Graph modeling: FlowKANet uses KAMP-Attn to deliver 5× parameter reductions and 6% R² improvements in flow delay prediction (Marouani et al., 24 Dec 2025).
Structural segmentation: FORTRESS achieves 91% parameter and FLOP reductions (31M→2.9M), 3× inference speedup, and SOTA segmentation (F1=0.771, mIoU=0.677) by fusing KAA with multi-scale attention and adaptive TiKAN integration (Thrainer et al., 16 Jul 2025).
Physics-Informed Learning: AC-PKAN integrates internal KAA and external Residual Gradient Attention (RGA), outperforming PINNs and other KAN variants on zero-data PDE benchmarks, achieving the lowest relative MAE (e.g., 0.0011 on 1D Wave) (Zhang et al., 13 May 2025).

Implementation details frequently feature spline or Fourier basis parameterization (GPU-friendly for ViT); low-rank modules; lightweight scoring/aggregation; and judicious activation placement. Pseudocode and architectural blueprints are available in open-source repositories (Thrainer et al., 16 Jul 2025, Marouani et al., 24 Dec 2025).

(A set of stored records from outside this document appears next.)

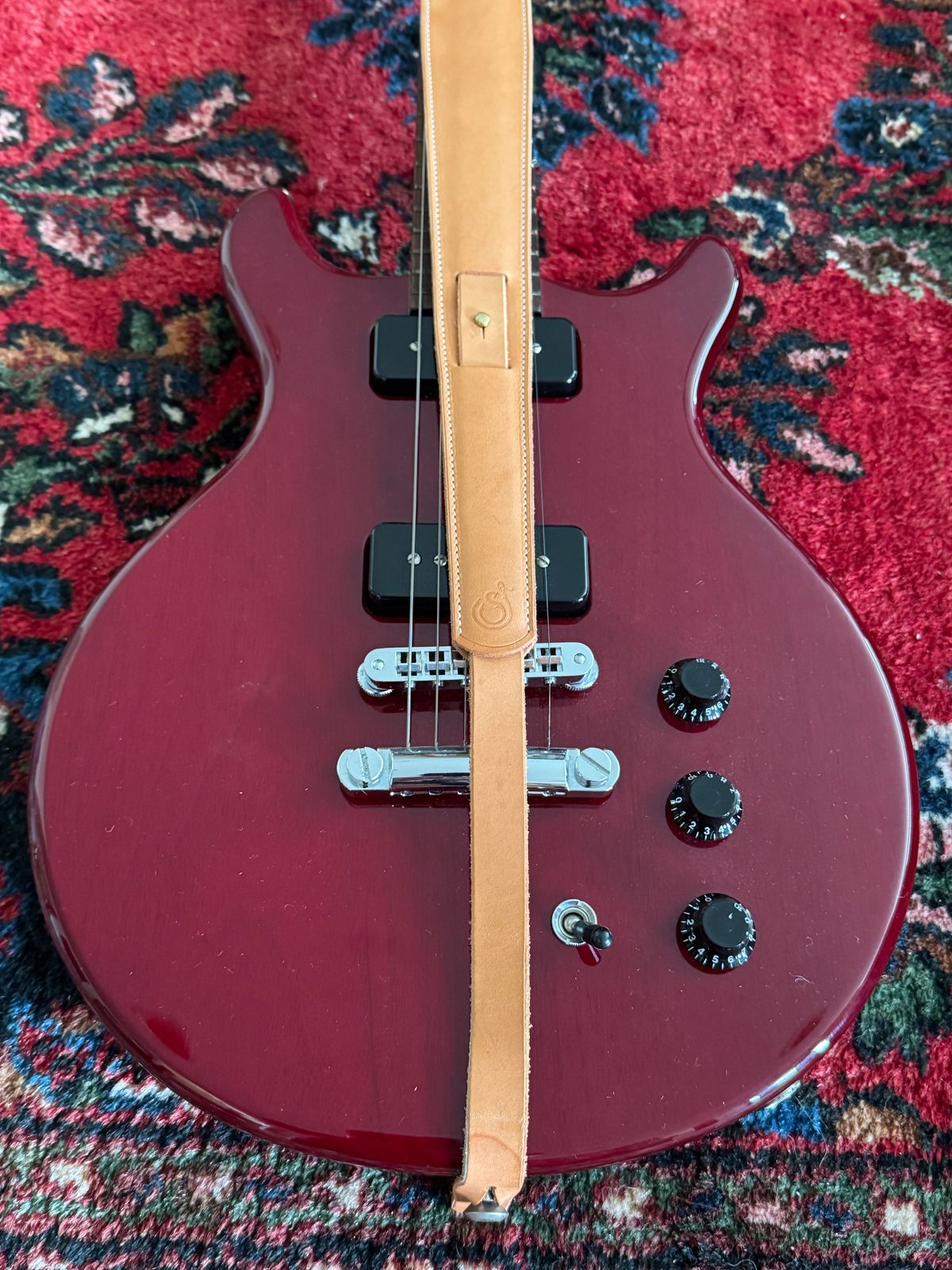 Photo by ChrisBurns670 on January 2, 2026 of the Ship John Blake Guitar Strap in Natural Vegetable Tanned.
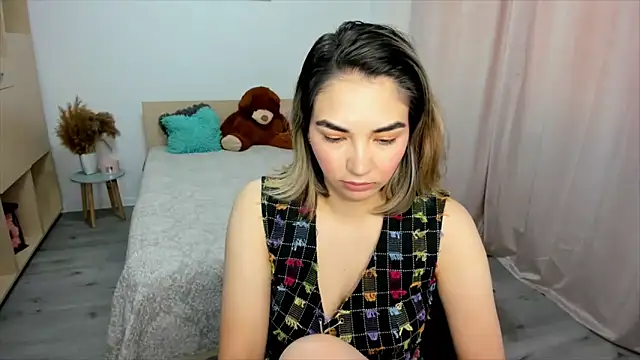 Snapshot of Alexa_Dolly12 chatting on 06.13.26 Alexa Dolly12 online show from 06.13.26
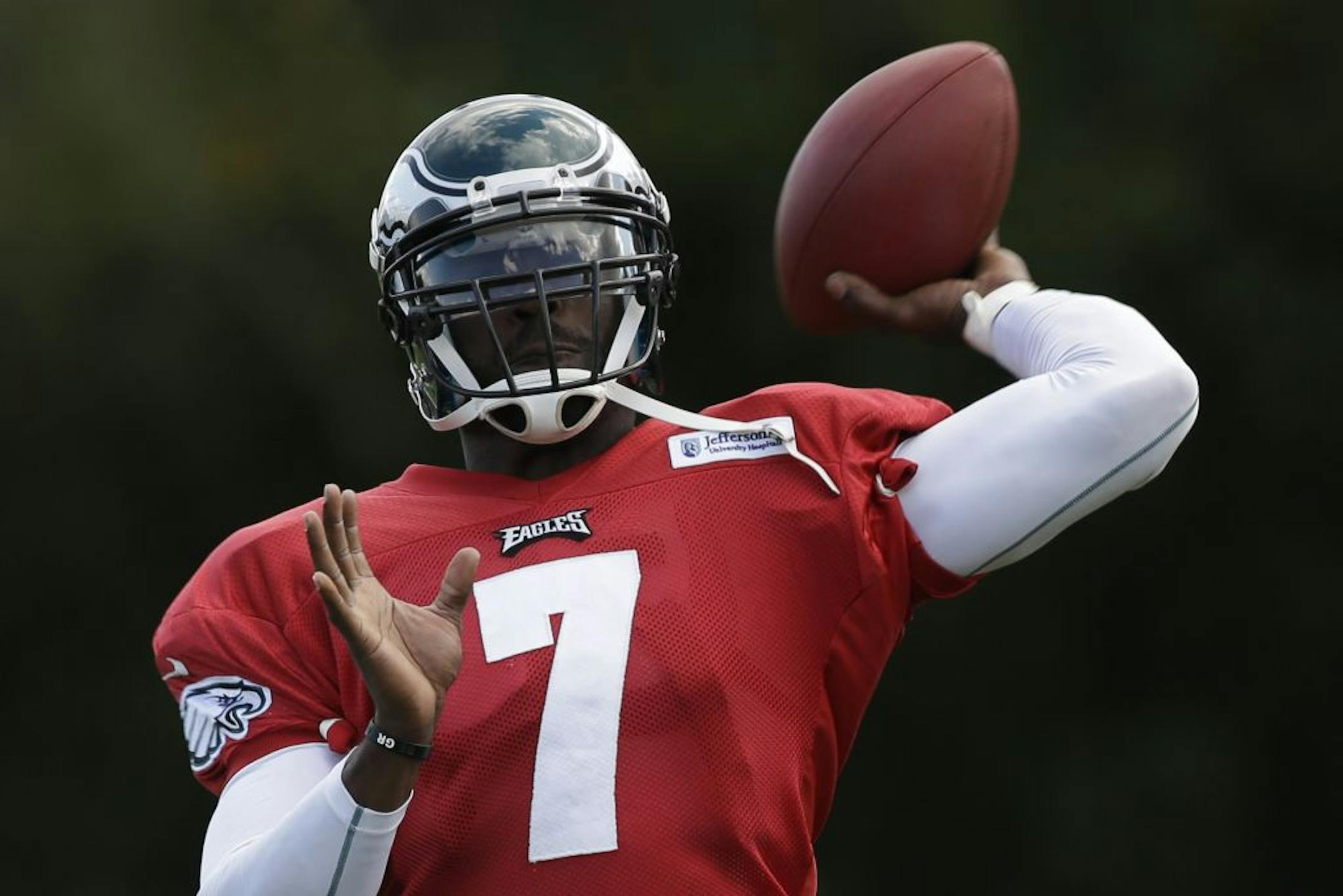 Philadelphia Eagles quarterback Michael Vick practices at the team's NFL football training facility, Wednesday, Oct. 10, 2012, in Philadelphia.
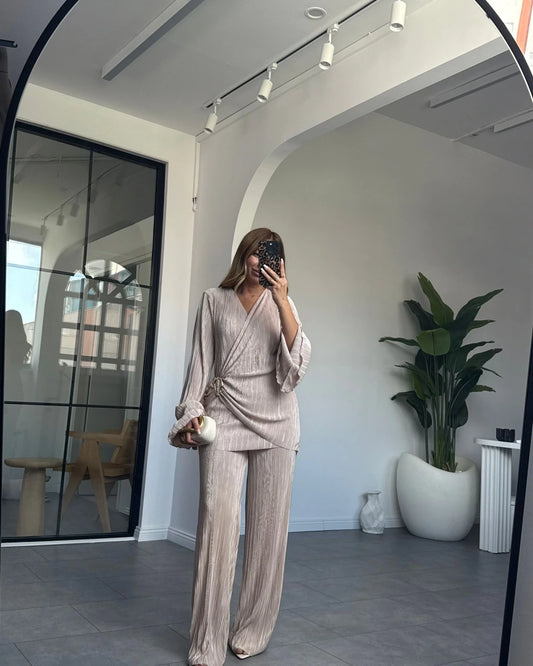 طقم بلوزة مع بنطلون بيج - KP1379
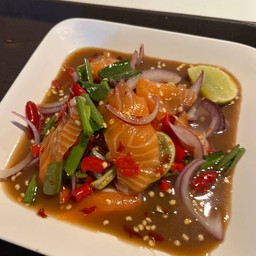 ยำแซลมอน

7. Limitations, Distinctions, and Future Directions

Not all models labeled as “Kolmogorov–Arnold” integrate KAA at the attention level. For example, TKAT introduces TKAN cells in place of LSTMs but retains standard attention; no new query/key/value formulas or score gate variants are present (Genet et al., 2024). The expressivity gains and parameter reductions of KAA hinge upon efficient function composition implementations and low-rank factorization; overhead and memory usage remain practical concerns for very large transformers (Maity et al., 13 Mar 2025). B-spline bases are less GPU suitable compared to Fourier/wavelet in large-scale deployment.

Benchmarks confirm significant representational and efficiency gains in domains including vision, graph modeling, structural segmentation, and PDE solution. Ongoing research addresses scalability, multimodal fusion, detection/segmentation extension, and memory-efficient learnability for high-dimensional inputs.

Kolmogorov–Arnold Attention generalizes self-attention mechanisms by allowing flexible, kernel-based function compositions in scoring and aggregation. This enables universal approximation, parameter-efficient architectures, and improved empirical performance in several machine learning domains, provided computational practicality and proper architectural design (Liu et al., 29 Mar 2025, Fang et al., 23 Jan 2025, Marouani et al., 24 Dec 2025, Maity et al., 13 Mar 2025, Thrainer et al., 16 Jul 2025, Zhang et al., 13 May 2025).